表面は滑りにくい構造をしているので、ブレーキとしても役立ちます。さらには感覚器としての機能を持ち、犬は足元からたくさんの情報を得ているのです。
猫の肉球の特徴と役割
undefined/shutterstock.com
猫の肉球は犬の肉球とは違い、薄くてツルツルした柔らかい手触りをしています。これには猫の祖先であるリビアヤマネコが関係しているようです。
リビアヤマネコはオオカミとは違い、昔は暖かい地域に暮らしていました。そのため、オオカミのように滑り止めの役割を持つ肉球は必要ではありませんでした。
また、獲物を狙う際に物音を立てずに近づくため、ツルツルした肉球が必要だったと言われており、現在の猫の肉球にも名残が残っています。
猫の肉球は前足に6個、後ろ足に5個、つまり全部で22個の肉球を持っています。ちなみに猫の指は前足に5本、後ろ足に4本、合計18本もあります。是非、愛猫の肉球と指の数を数えてみてください。
さて、猫の肉球にはそれぞれ名前がついています。
前足の肉球は「掌球(しょうきゅう)」「指球(しきゅう)」「狼爪(ろうそう)」「手根球(しゅこんきゅう)」と呼ばれています。
そして猫の後ろ足には、「足底球(そくていきゅう)」「趾球(しきゅう)」と呼ばれる2種類の肉球があります。
掌球と呼ばれる肉球は猫の肉球の中で一番大きい真ん中にあるもので、指球は猫の指にひとつづつ付いている小さい肉球です。
狼爪と呼ばれている肉球は基本的に猫の前足だけにあるもので、人間の手に例えると親指の位置にある肉球です。
手根球も狼爪同様、前足のみに存在している肉球で、「豆状骨(とうじょうこつ)」と呼ばれる小さな骨を守る役割がある肉球と言われています。
骨太な猫程豆状骨も大きくなり、それに伴って手根球も大きくなりやすい傾向にあります。それとは逆に、骨細な猫の場合、豆状骨も小さく手根球が目立たないようです。

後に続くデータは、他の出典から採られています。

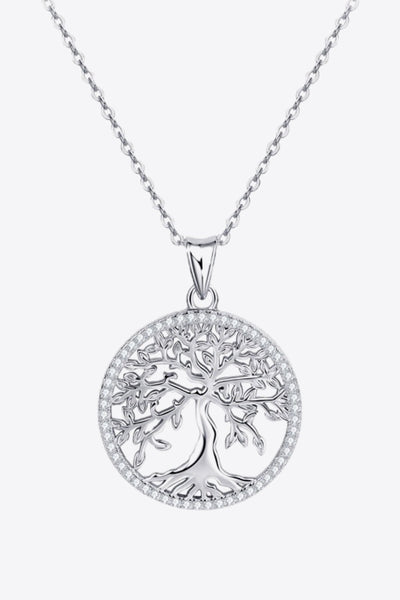 Adored 925 Sterling Silver Sparkala™ Tree Pendant Necklace (Platinum-Plated Fine Silver) - DestGlow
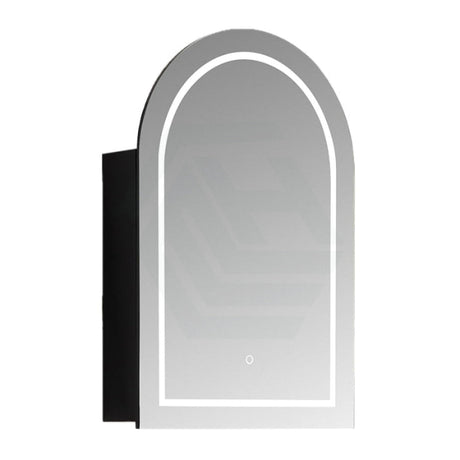 600X900X150Mm Ceto Olivia Matt Black Arch Led Shaving Cabinet Pencil Edge Frontlit Cabinets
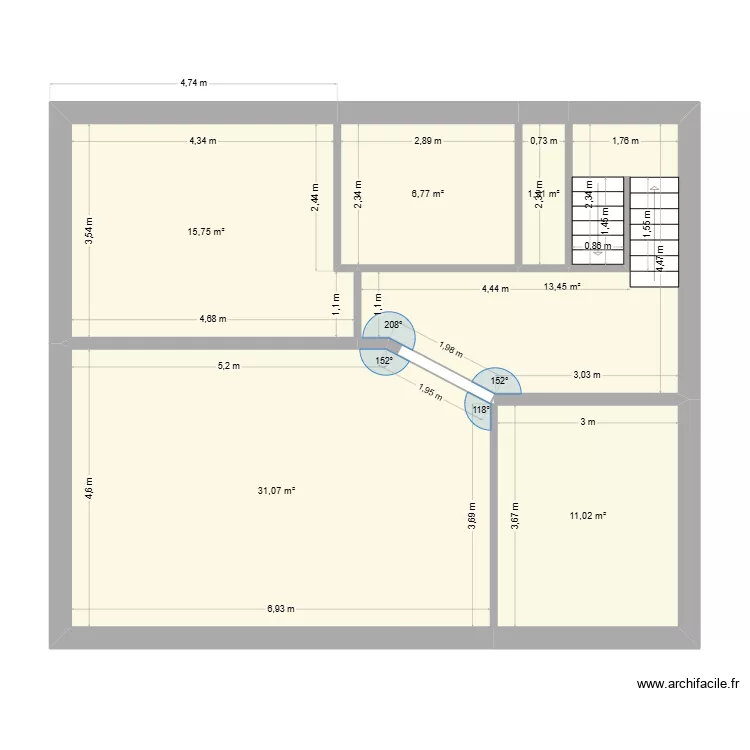 Projet Merle Existant v1. Plan de 6 Pièces et 80 m² Projet Merle Existant v1. Plan de 6 Pièces et 80 m²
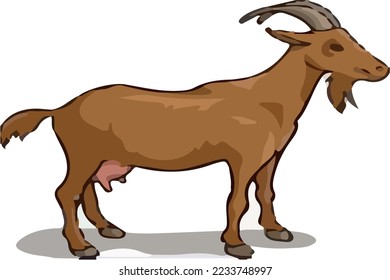 vectores de cabra marrón cuerno grande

後ろ足にある足底球は、前足でいう掌球と同じ部位にあたる肉球で、後ろ足の肉球の中で1番大きな真ん中にある肉球のことです。趾球は、前足でいうと指球と呼ばれている部分と同じ肉球で、指に1つずつ付いています。
薄くツルツルした猫の肉球は、獲物を狙うときの忍び歩きや体温調節、顔の手入れなど毎日の生活で大切な役割を果たしています。
また、外に出る猫の場合は、アスファルトをはじめとしたザラザラした場所でも肉球がクッション代わりになって歩きやすくなります。そのため、犬の肉球のようなザラザラした硬めの感触の肉球に変化することもあります。

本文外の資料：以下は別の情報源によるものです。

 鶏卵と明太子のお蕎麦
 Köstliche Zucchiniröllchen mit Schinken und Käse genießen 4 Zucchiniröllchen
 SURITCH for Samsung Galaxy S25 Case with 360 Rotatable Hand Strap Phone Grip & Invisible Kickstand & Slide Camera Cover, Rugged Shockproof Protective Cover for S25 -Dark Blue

猫の肉球の色は、それぞれの個体の毛色によって変化します。黒猫は黒色、白猫はピンク色、模様のある猫は肉球もまだら模様になるのも猫の肉球の特徴と言えるでしょう。
肉球にはケアが必要!
nadisja/shutterstock.com
犬も猫も肉球のケアが欠かせないのはなぜでしょうか?それには3つの理由が関係しています。
理由① 肉球の硬化や角質化がトラブルを招くから
犬の場合、毎日の散歩でアスファルトを歩きます。また猫でも、屋外を自由に散歩出来る子はアスファルトを歩きますし、家の中で飼育されている犬猫の場合は、フローリングの化学薬品が原因で肉球が硬化したり、角質化していったりします。

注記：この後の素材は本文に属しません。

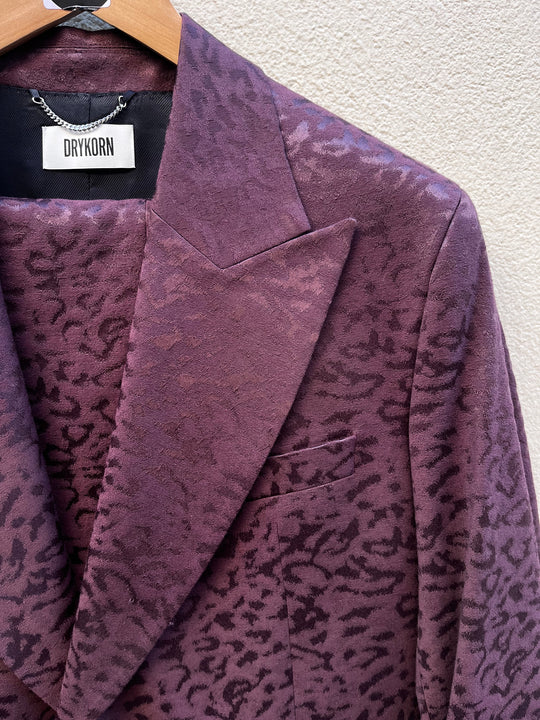 Bordeaux herrejakkesæt i leopard jacquard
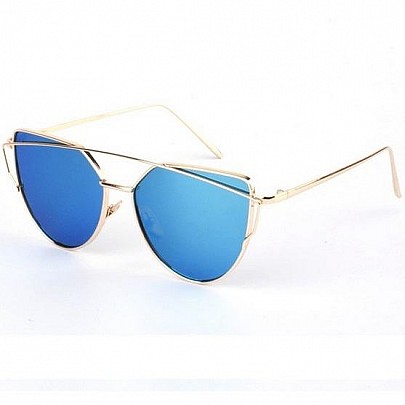 Dámske slnečné okuliare Glam zlatý rám modré sklá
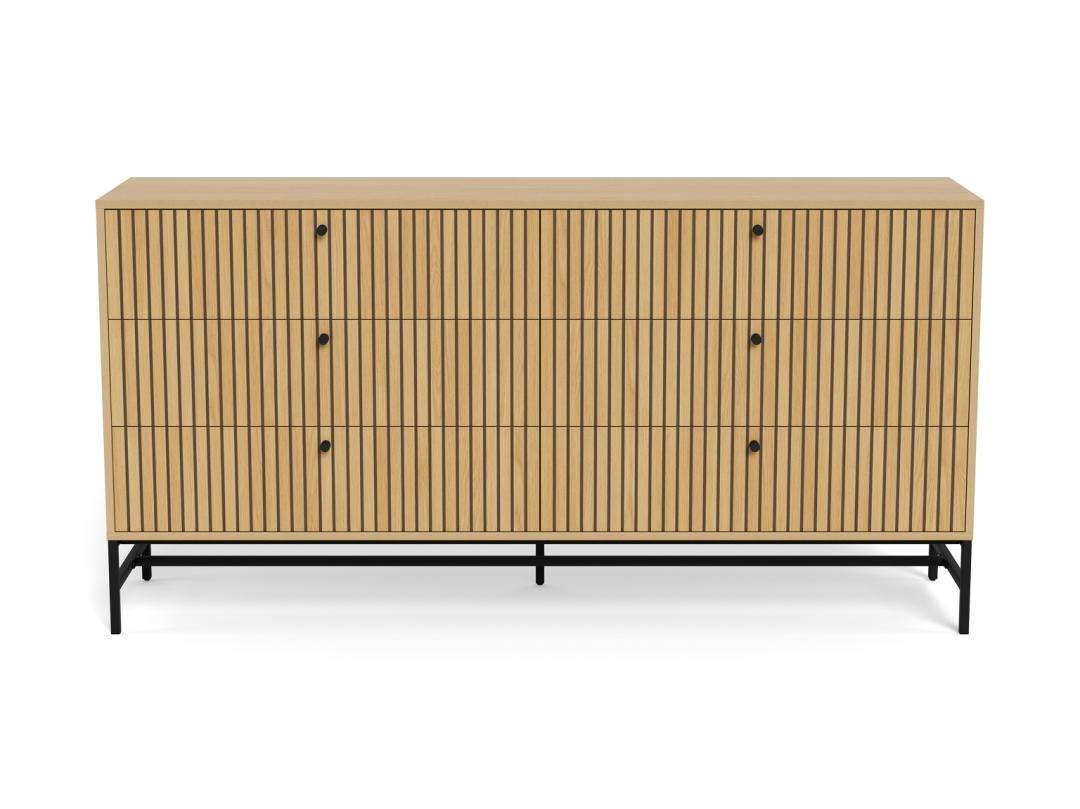 ACTONA GROUP Kommode »Albany Kommode – modernes Design & viel Stauraum mit Lamellenfront« Kommode mit 6 Schubladen, Eiche mit Lamellenfront, B: 157,9 cm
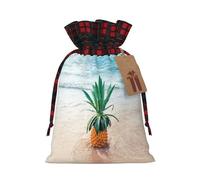 JBYJBX Sac cadeau de Noël avec cordon de serrage Motif ananas au bord de la mer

肉球が硬くなるとすべりやすくなり、関節トラブルなどのリスクを高めます。
理由② シニア期になるとガサガサしてくるから
犬や猫もシニア期になると肉球に角質の厚い層ができ、ガサガサになったり硬くなったりしてきます。
また、ひび割れやあかぎれなどになりやすく、出血することもあります。出血している部分から雑菌が入り込み、思わぬ病気を招くこともあるので、肉球のお手入れは特にシニア期には欠かせません。
理由③ 骨格の形成に悪影響を及ぼす可能性があるから
室内で飼育されている犬や猫の場合、多くの家庭がフローリングのことでしょう。
肉球が乾燥していると、骨格の形成に悪影響を及ぼす可能性があります。